Q:  So it's inept, it's not by design, or we don't know?


AIR CHIEF MARSHAL ANGUS HOUSTON: I think they lay these things and they're not worried about the consequences. That's my own personal view.


Q:  I'm a bit confused about the 80%. You said it's 80% of civilian casualties are caused by the Taliban and then you just said 80% of casualties caused by the Taliban are civilians.


AIR CHIEF MARSHAL ANGUS HOUSTON:80% of the civilian casualties in Afghanistan are caused by the Taliban. OK?


Q:  So the other 20% is obviously coalition's?




Q:  Through air strikes. Would that be the ...


AIR CHIEF MARSHAL ANGUS HOUSTON: Well, air strikes. Unfortunately a couple of air strikes have gone wrong, and when an air strike goes wrong, it tends to have a quite dramatic effect and sometimes large numbers of casualties.


Q:  Just a general question about the strategy over there. More foreign troops have died this month than since the invasion of 2001. We're coming up to an election in less than a month's time. So what are you predicting, what are you preparing for?


AIR CHIEF MARSHAL ANGUS HOUSTON: Well, I think the minister said the other day that this was going to be a very challenging fighting season, and with an election in prospect on the 20th of August, there's absolutely no doubt that the Taliban are going to do everything they can to disrupt the preparations for the election and also disrupt the conduct of the operation. That's why we and other nations have provided additional forces to assist in the security effort during that very challenging activity.


Q:  What will be the measure of success of that security effort?


AIR CHIEF MARSHAL ANGUS HOUSTON: Well, the measure of success will be a successful election. But I think Ian mentioned in his article this morning that it's going to be - it's going to be a very challenging thing to effect, and we've seen this in other environments. We saw it in Iraq. Ian also referred to the election in Cambodia. You know, conducting elections in an environment where there's an insurgency going on is a very demanding activity for us to conduct. We have an Australian, Brigadier Damien Cantwell - that's John Cantwell’s brother, by the way - actually heading up the effort to make sure that the security is as good as it can be.


Q:  Could I just ask you about the overall strategy? What do you think would be the effect if Australian and all coalition forces withdrew now?


AIR CHIEF MARSHAL ANGUS HOUSTON: I enjoyed your article this morning, Ian.
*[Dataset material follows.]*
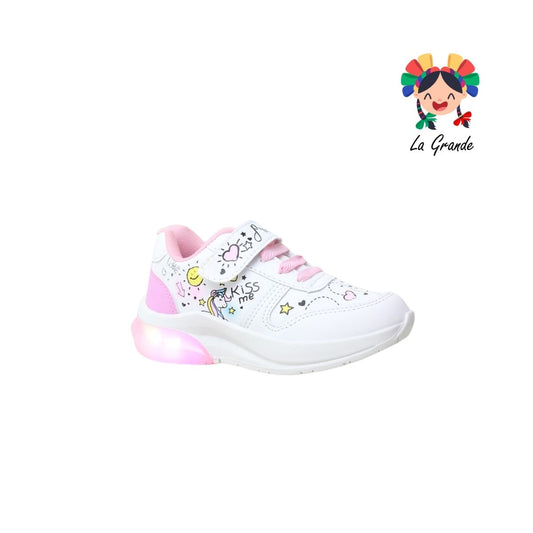 811 SUNS Blanco Rosa Tenis Casual con Luces para Niña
I thought you were right on the money. If we were to pull out all forces from Afghanistan at this stage – bear in mind, we are well on the way to basically training what will be a very effective army and a very effective police force, but we're only about part of the way through that process, so if we were to all withdraw now, we would leave the country in a situation where I think there would be a civil war, if you like, and there is a very strong possibility that the Taliban would prevail. Now, if the Taliban were to prevail, I think we're likely to go back to the circumstances that we had before 2001, where the Taliban hosted groups like al-Qaeda. There was a very extensive training infrastructure set up by al-Qaeda. They not only trained the terrorists who were part of al-Qaeda; they also trained terrorists from around the world. We know, for example, that some of the Bali bombers were trained in Afghanistan. So in a set of circumstances where we all pull out now, we're going to have another set of circumstances in Afghanistan similar to what we had before 2001. I think the net effect of that will be the terrorists who are currently up in the High Country on the border between Pakistan and Afghanistan will move back into the valleys, will conduct their training activities, and will do their planning for terrorist attacks around the world, and we're likely to see major attacks effected in western countries; indeed, any country around the world where the terrorists decide they need to have an effect. And we've seen this before.


Q:  So are you saying the Taliban are a stronger force than the ANA?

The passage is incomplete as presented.